Complexity is being added at all levels. “The end of Moore’s Law has meant that designs no longer contain just one or two big processing engines, a big memory and then some other stuff that connects it,” says Nick Heaton, distinguished engineer and SoC verification architect at Cadence. “Today, we have many cores, quite often heterogeneous. There may be domain-specific engines for ML, for graphics, for whatever. Plus, you’re now connecting them together with a piece of IP that is unbelievably complex in scale. This also provides a massive opportunity for alternative architectures. Maybe the memory becomes central, and the processing is in the chiplets. There are different ways of doing that. What people are doing with chiplets today is fairly limited, but who knows where that will go.”

So there is heterogeneous integration in terms of processor domains of computation, and now the industry is about to add heterogeneous integration at the physical level in terms of multi-dies connected within a package, using either 2.5D or 3D integration techniques.

“Multi-die is going to be multi-node,” says Michael Posner, senior director for die-to-die connectivity at Synopsys. “The difficulty is not so much the analysis.

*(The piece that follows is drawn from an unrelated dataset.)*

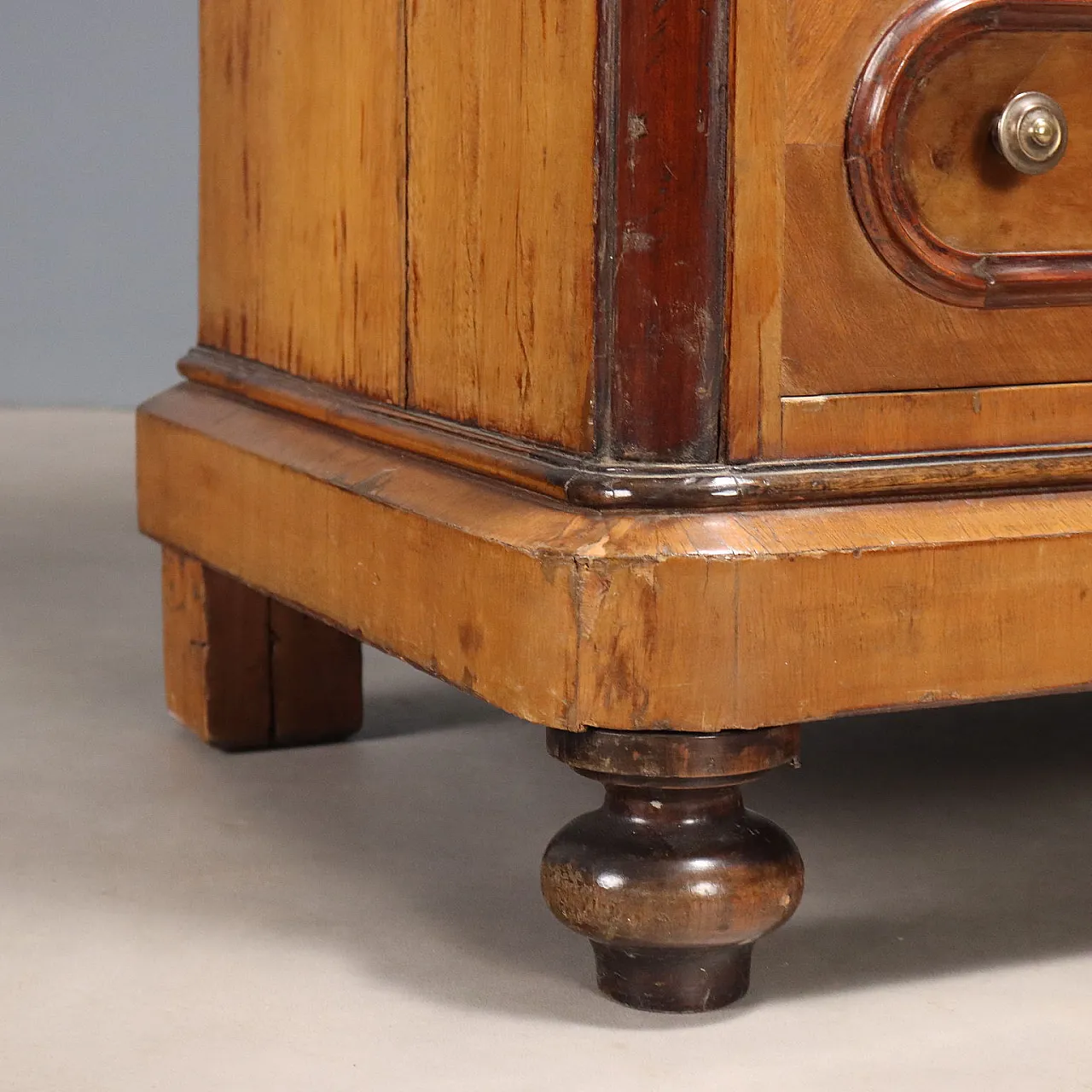 Mahogany chest of drawers, 19th century 7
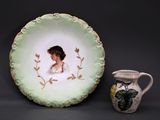 une assiette sur laquelle est représentée une femme, à côté d'un vase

It’s going to be the sign-off, specifically for either an organic substrate, or advanced interposer because of the corners. If you think about a single monolithic die, you can characterize your corners. When you go to two dies, you have to do cross corners for full margin analysis. Three dies, and you start to get into the realm of scary. The mixing of technologies is a well-understood problem that has been solved on an individual die basis, but the corner variance problem is new.”

That also will add new physical issues, which in turn create other issues. “One new thing that we are seeing is related to stress that happens when you start stacking chips,” says Sathish Balasubramanian, head of product management and marketing for AMS at Siemens EDA. “It’s not uniform. With HBM memory, people started noticing some performance and some dead-on-arrival chiplets because of stress. If we extend that stacking into the SoC, which is not a repeated structure, it is even worse because it’s not repetitive. It’s more random. So stress is another physical effect that is going to be a big factor. How do you model stress? If I get a stacked die or a stacked chiplet from you, how do I know that everything is satisfied, that I don’t have to worry about stress?”

All of that needs to be better understood. “Packaging requirements are going to introduce other architectural constraints,” says Real Intent’s Narain. “Boundaries are where some physical requirements are going to be abstracted out, and they need to meet some design rules and guidelines. If you don’t meet those rules and guidelines, they will lead to new failure modes. That needs to be verified, and so the failure modes would need to be modeled and analyzed to make sure that they don’t exist.”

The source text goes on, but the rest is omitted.